Cuando Dios ha purificado al hombre, lo une con un sutilísimo hilo de oro, que es su amor, y lo atrae hacia sí con un afecto tan fuerte, que el hombre queda como superado y vencido, y totalmente fuera de sí. De este modo el corazón del hombre es invadido por el amor de Dios, que se convierte en la única guía, el único motor de su existencia. Esta situación de elevación hacia Dios y de abandono a su voluntad, expresada en la imagen del hilo, sirve para expresar la acción de la luz divina sobre las almas del purgatorio, luz que las purifica y las eleva hacia los resplandores de los rayos fulgentes de Dios.

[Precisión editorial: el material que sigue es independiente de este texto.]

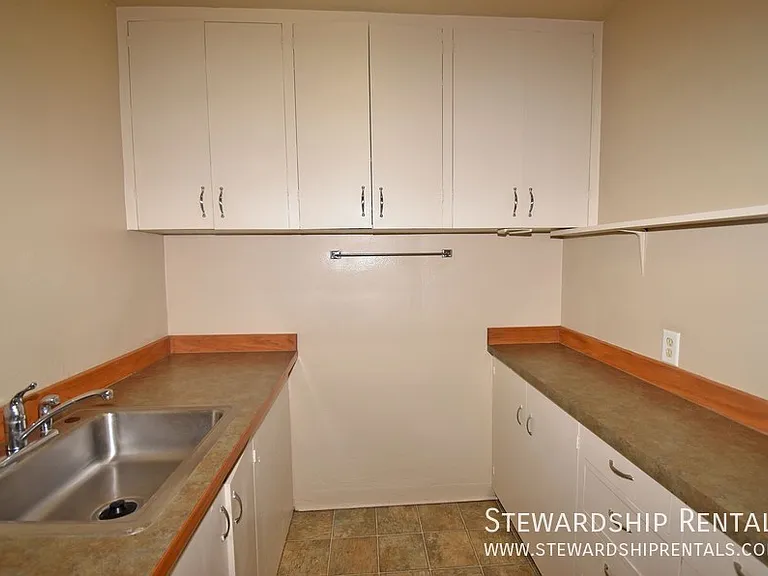 942 E 18th Ave #6 — Photo 10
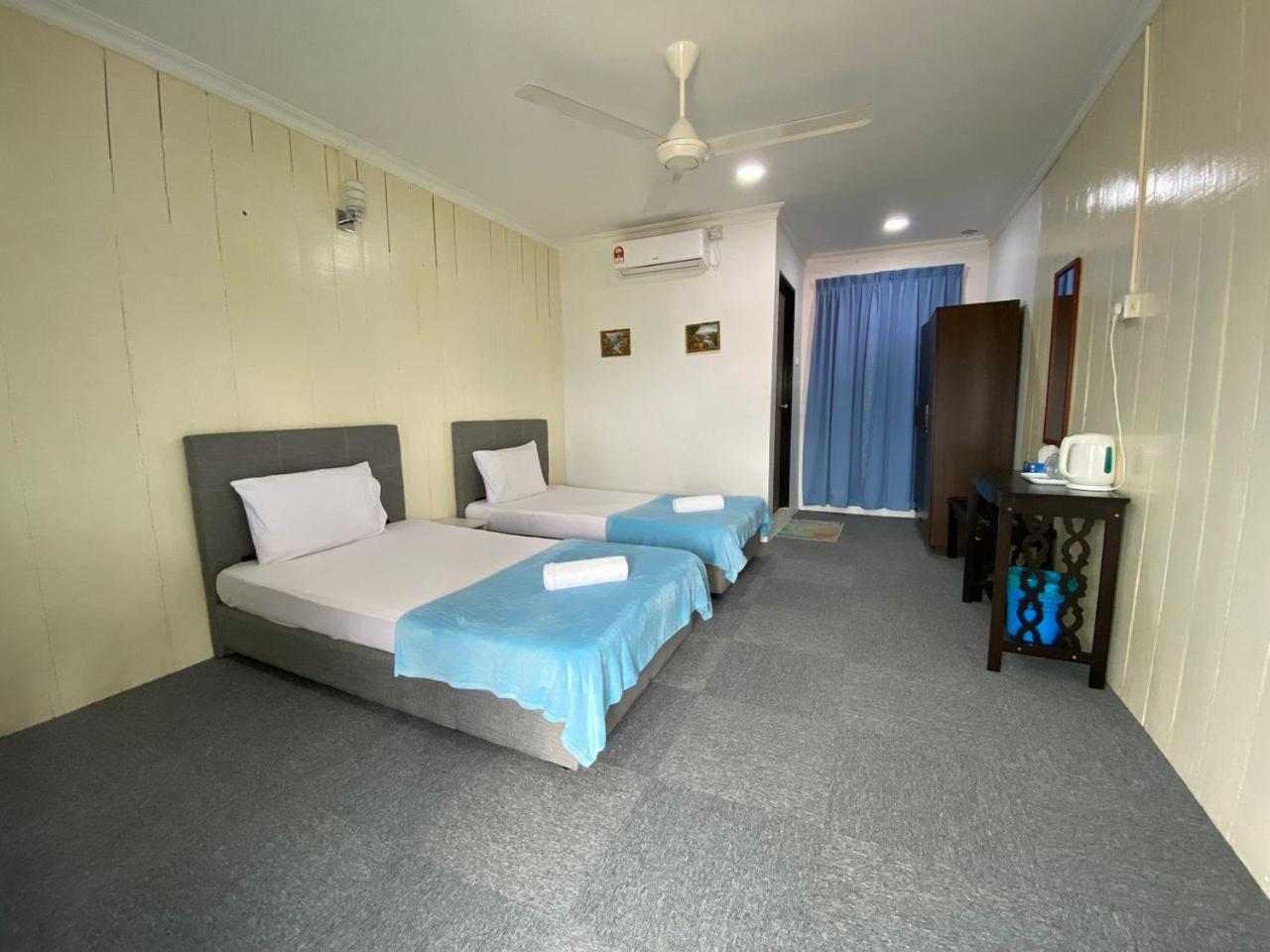 Twin Room with Bathroom - Photo 2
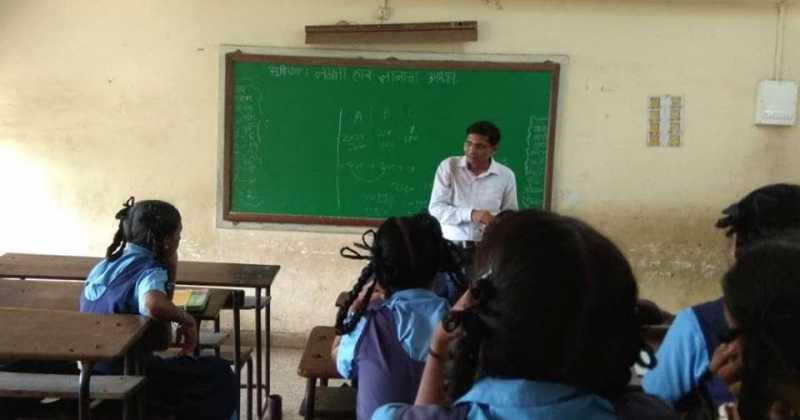 Project Aakaar Session 2018 By Ashwamedh Foundation: Session No. 9 - Financial Literacy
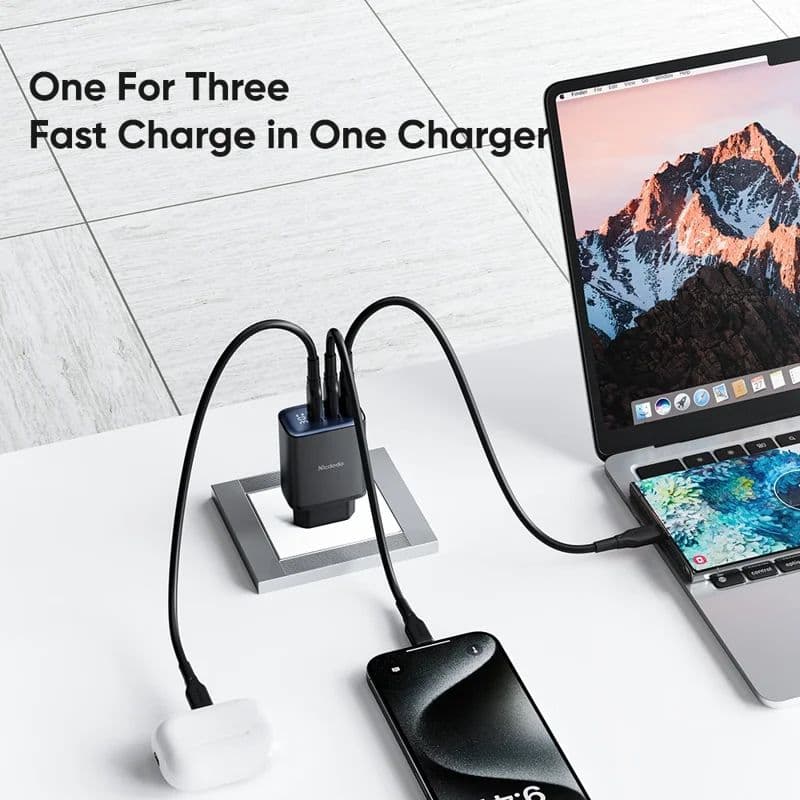 McDodo - Fast Charger with Digital Display, 30W, 2x USB-C & 1x USB-A, Schwarz – 4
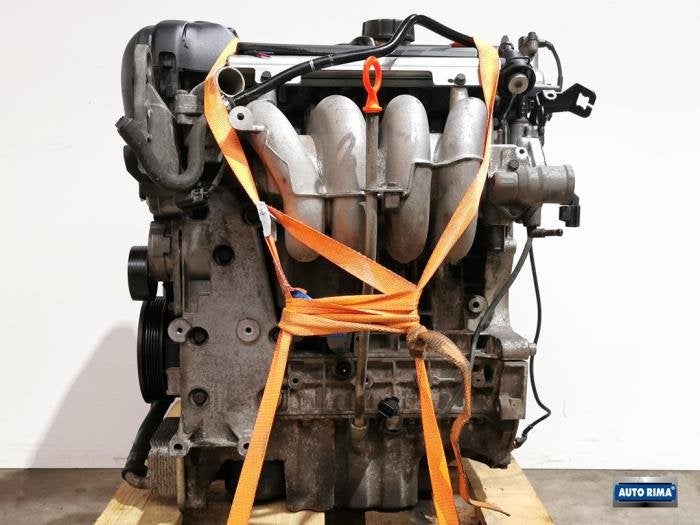 Motor van een Volvo V40, Gebruikt, -, -, Ophalen of Verzenden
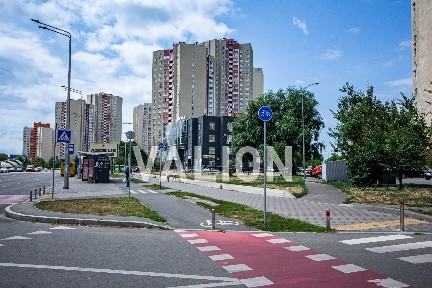 Київ, Мілославська вул., 4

Cuanto más amemos a Dios y entremos en intimidad con él en la oración, tanto más él se da a conocer y enciende nuestro corazón con su amor (Ver la experiencia de Santa Catalina de Génova). El purgatorio nos recuerda una verdad fundamental de la fe que se convierte para nosotros en invitación a rezar por los difuntos, a fin de que puedan llegar a la visión beatífica de Dios en la comunión de los santos (Leer Catecismo de la Iglesia católica, n. 1032).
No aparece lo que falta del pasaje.